**Task details:** Using the data below, print exactly the line with "Малышка Ириска ищет дом", the line with "Pond Fish Koi & Gold fish - Image 2", and every line between them, but none of the pictures.

**Information supplied:**
((

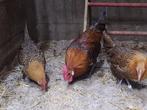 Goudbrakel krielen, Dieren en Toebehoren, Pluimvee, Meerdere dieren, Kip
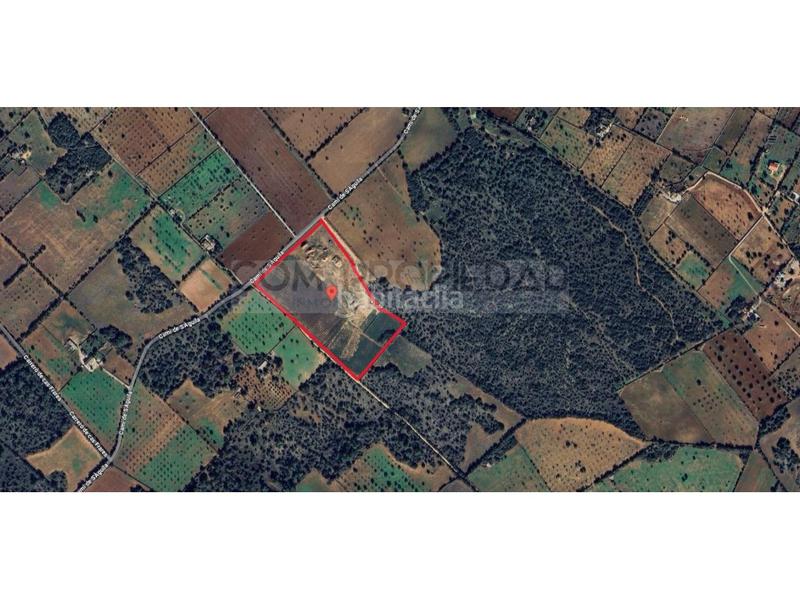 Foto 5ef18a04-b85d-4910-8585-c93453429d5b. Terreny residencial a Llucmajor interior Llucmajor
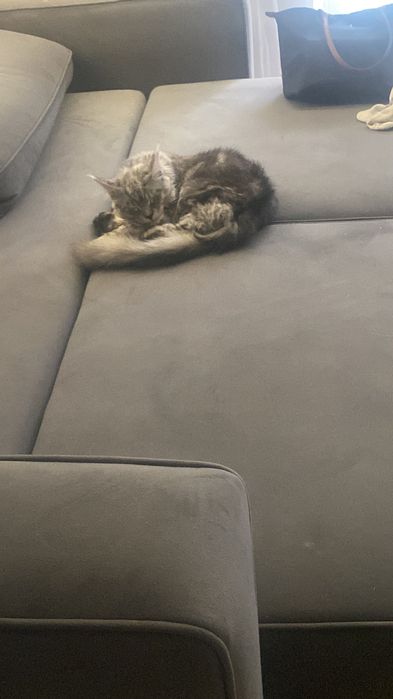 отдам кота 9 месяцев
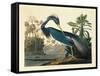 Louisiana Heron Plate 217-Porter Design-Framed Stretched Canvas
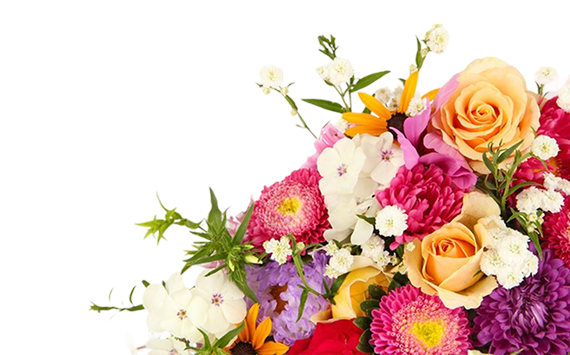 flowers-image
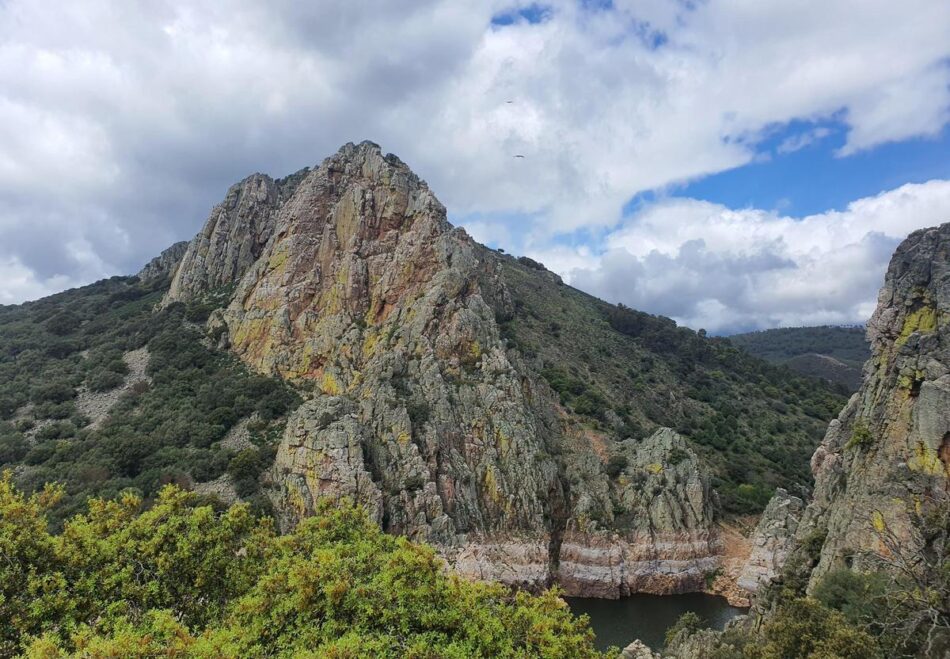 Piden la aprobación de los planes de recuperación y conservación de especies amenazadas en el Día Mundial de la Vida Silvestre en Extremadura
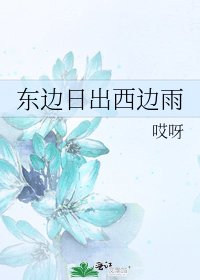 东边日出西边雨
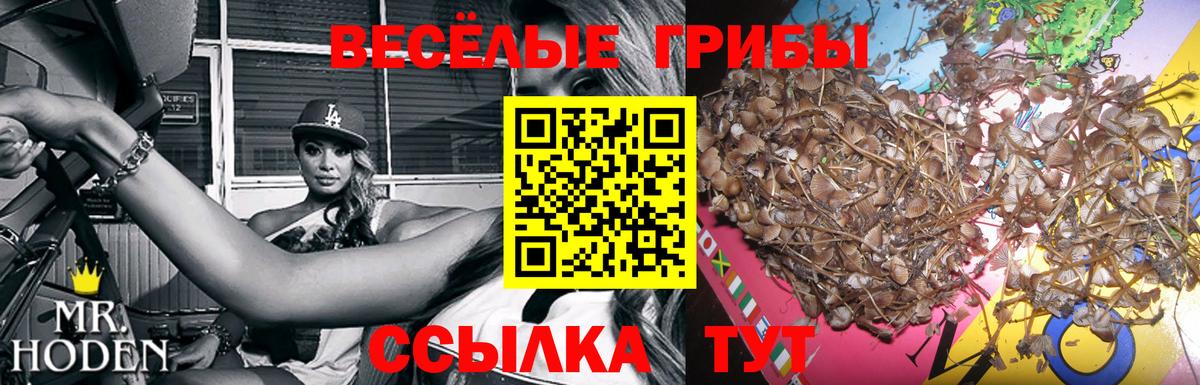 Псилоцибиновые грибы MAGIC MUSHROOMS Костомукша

))
((

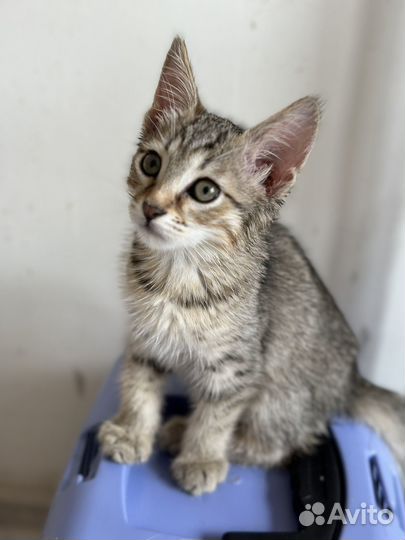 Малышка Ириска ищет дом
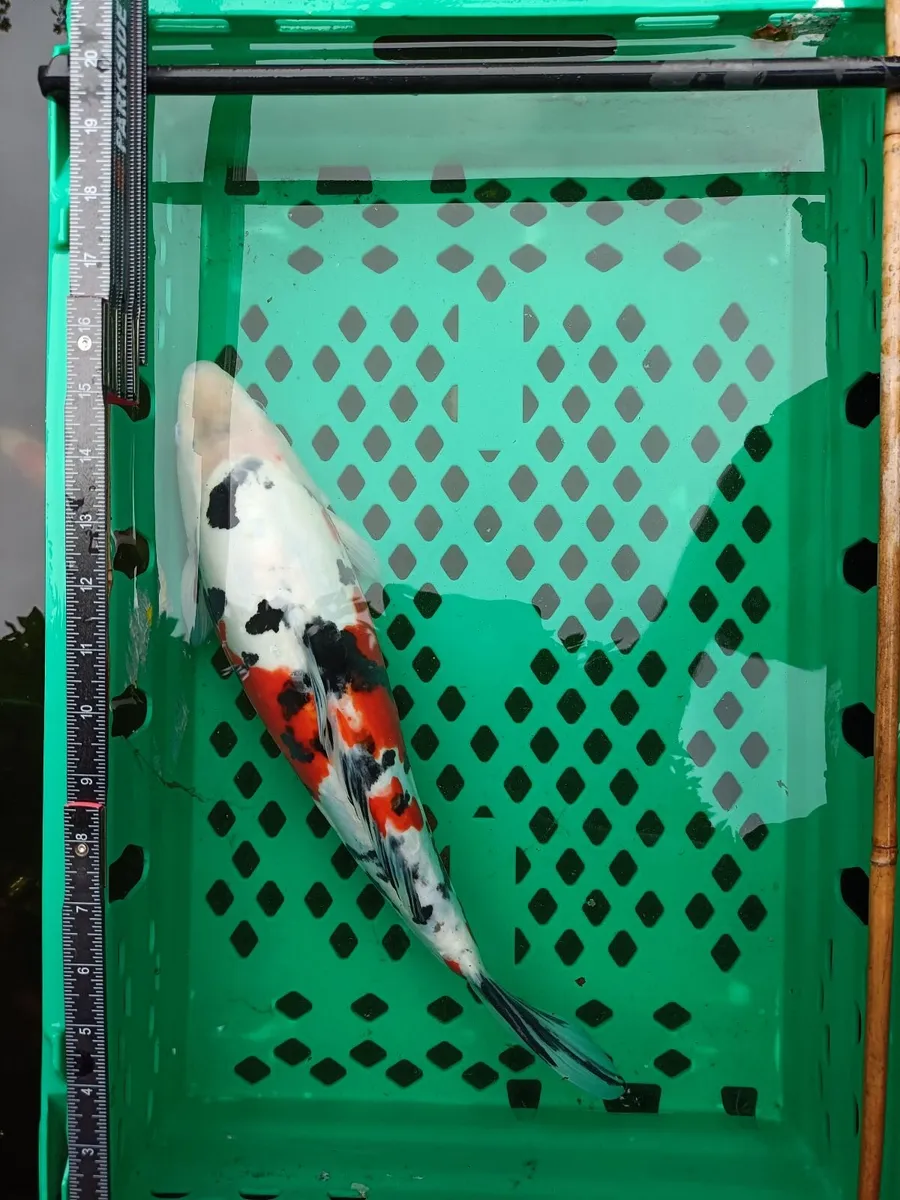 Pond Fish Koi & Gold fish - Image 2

))
((

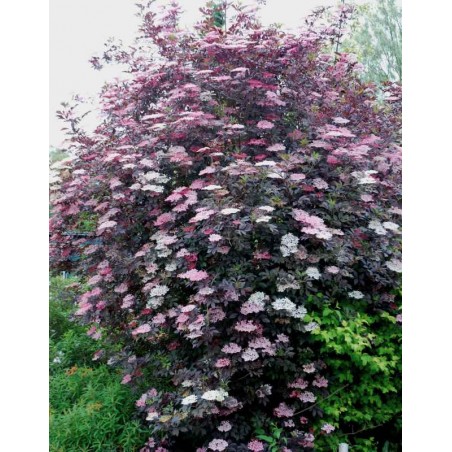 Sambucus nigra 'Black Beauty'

))

**Exercise answer:**
 Малышка Ириска ищет дом
 Pond Fish Koi & Gold fish - Image 2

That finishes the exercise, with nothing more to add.